__PROBLEM REQUIREMENTS__:
Retype the listing found below exactly, but leave out each picture.

__EXERCISE DATA__:
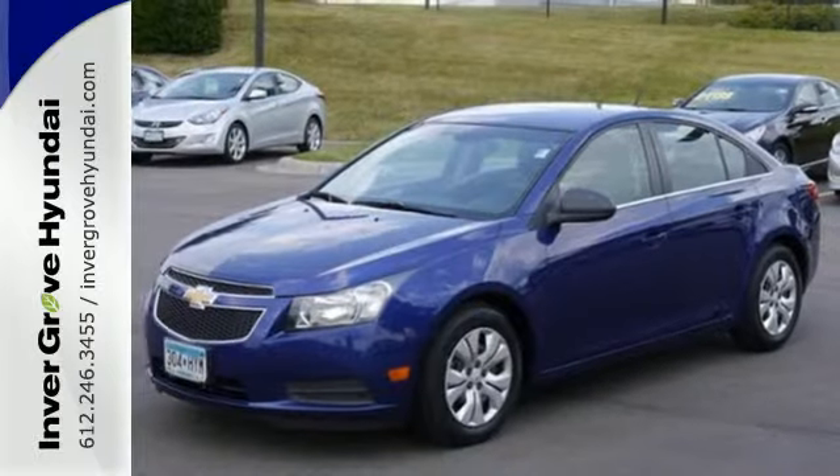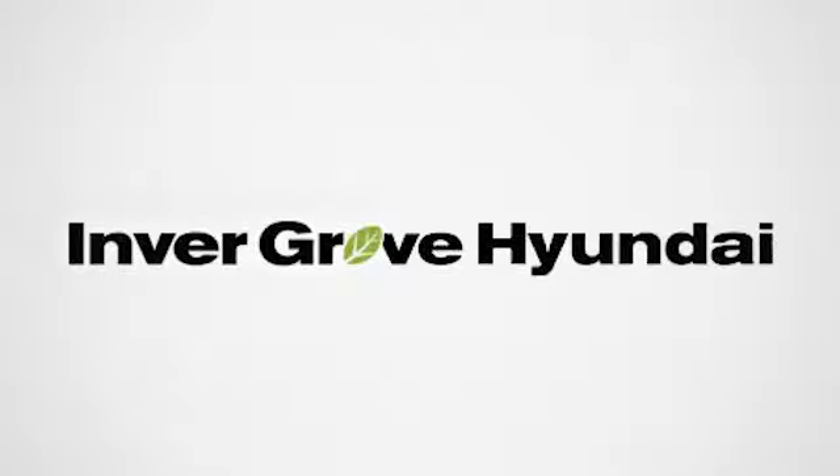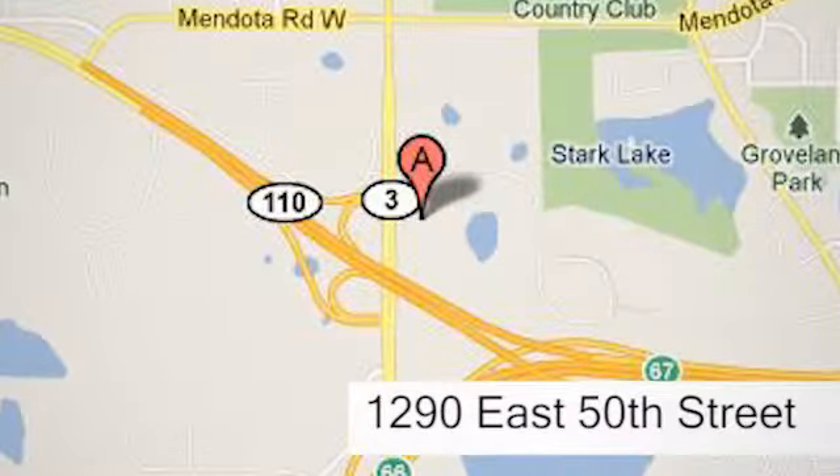Call or come in today — this sedan wants to be taken for a spin. At Invergrove Hyundai, experience the Invergrove Hyundai difference. We're conveniently located at 1290 East 50th Street in Invergrove Heights, Minnesota.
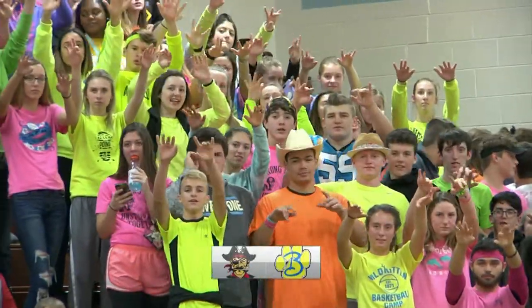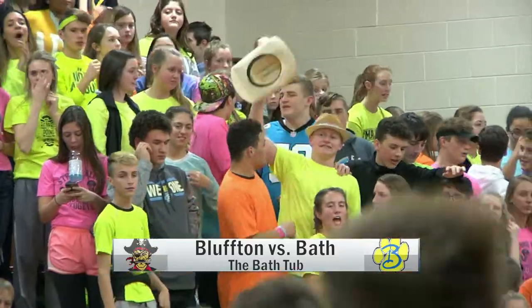The Dogcats are looking for win number one as they host the Bluffton Pirates in their opener at the Bathtub, after the Elida tip-off classic. Bath is hoping this game can help their team, coming back down six in the second quarter.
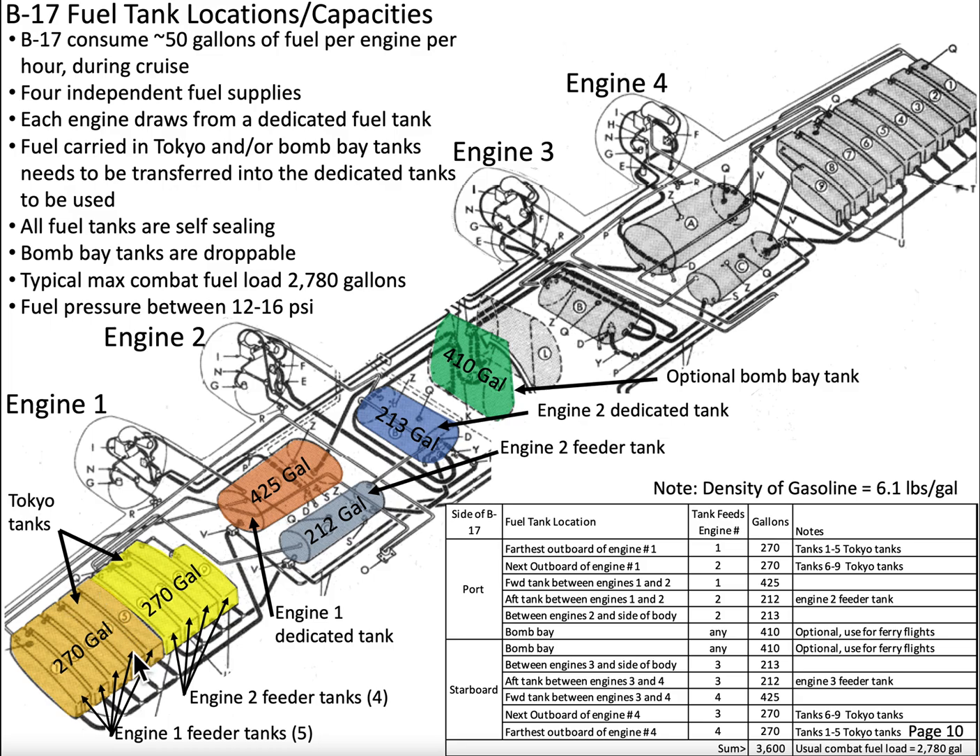The feeder tanks for engine number one are five tanks called Tokyo tanks. There are five of them because wing ribs — structural components — are positioned between these tanks. The term 'Tokyo tank' is a bit of a misnomer since B-17s never dropped bombs over the Japanese homeland, but the name stuck.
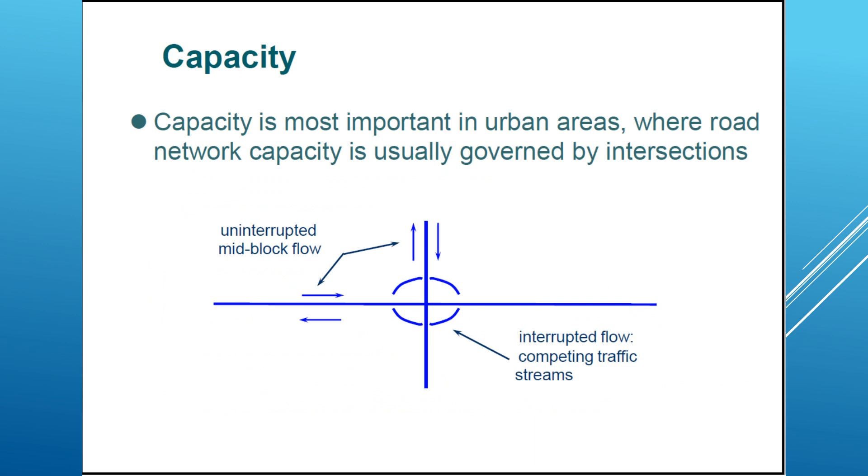Capacity is most important in urban areas, where road network capacity is usually governed by intersections. It's important to know the mid-block capacity and uninterrupted flow capacity, and also to know the capacity relative to traffic flow at intersections.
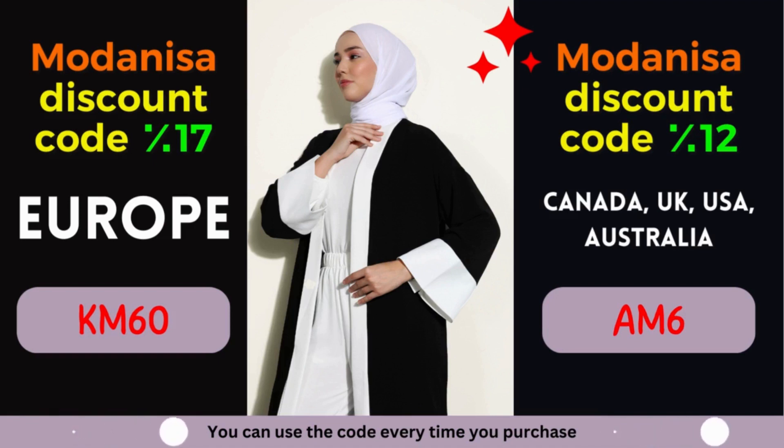Modonisa Coupon #2: 12% off for Canada, United Kingdom, USA, and Australia. Calling all fashionistas from Canada, United Kingdom, USA, and Australia! Prepare to be enthralled by an amazing offer from Modonisa. Enjoy a fantastic discount of 12% on your purchases, allowing you to indulge in the latest fashion trends without compromising your budget.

__RESPONSE__:
Call or come in today — this sedan wants to be taken for a spin. At Invergrove Hyundai, experience the Invergrove Hyundai difference. We're conveniently located at 1290 East 50th Street in Invergrove Heights, Minnesota.
The Dogcats are looking for win number one as they host the Bluffton Pirates in their opener at the Bathtub, after the Elida tip-off classic. Bath is hoping this game can help their team, coming back down six in the second quarter.
The feeder tanks for engine number one are five tanks called Tokyo tanks. There are five of them because wing ribs — structural components — are positioned between these tanks. The term 'Tokyo tank' is a bit of a misnomer since B-17s never dropped bombs over the Japanese homeland, but the name stuck.
Capacity is most important in urban areas, where road network capacity is usually governed by intersections. It's important to know the mid-block capacity and uninterrupted flow capacity, and also to know the capacity relative to traffic flow at intersections.
Modonisa Coupon #2: 12% off for Canada, United Kingdom, USA, and Australia. Calling all fashionistas from Canada, United Kingdom, USA, and Australia! Prepare to be enthralled by an amazing offer from Modonisa. Enjoy a fantastic discount of 12% on your purchases, allowing you to indulge in the latest fashion trends without compromising your budget.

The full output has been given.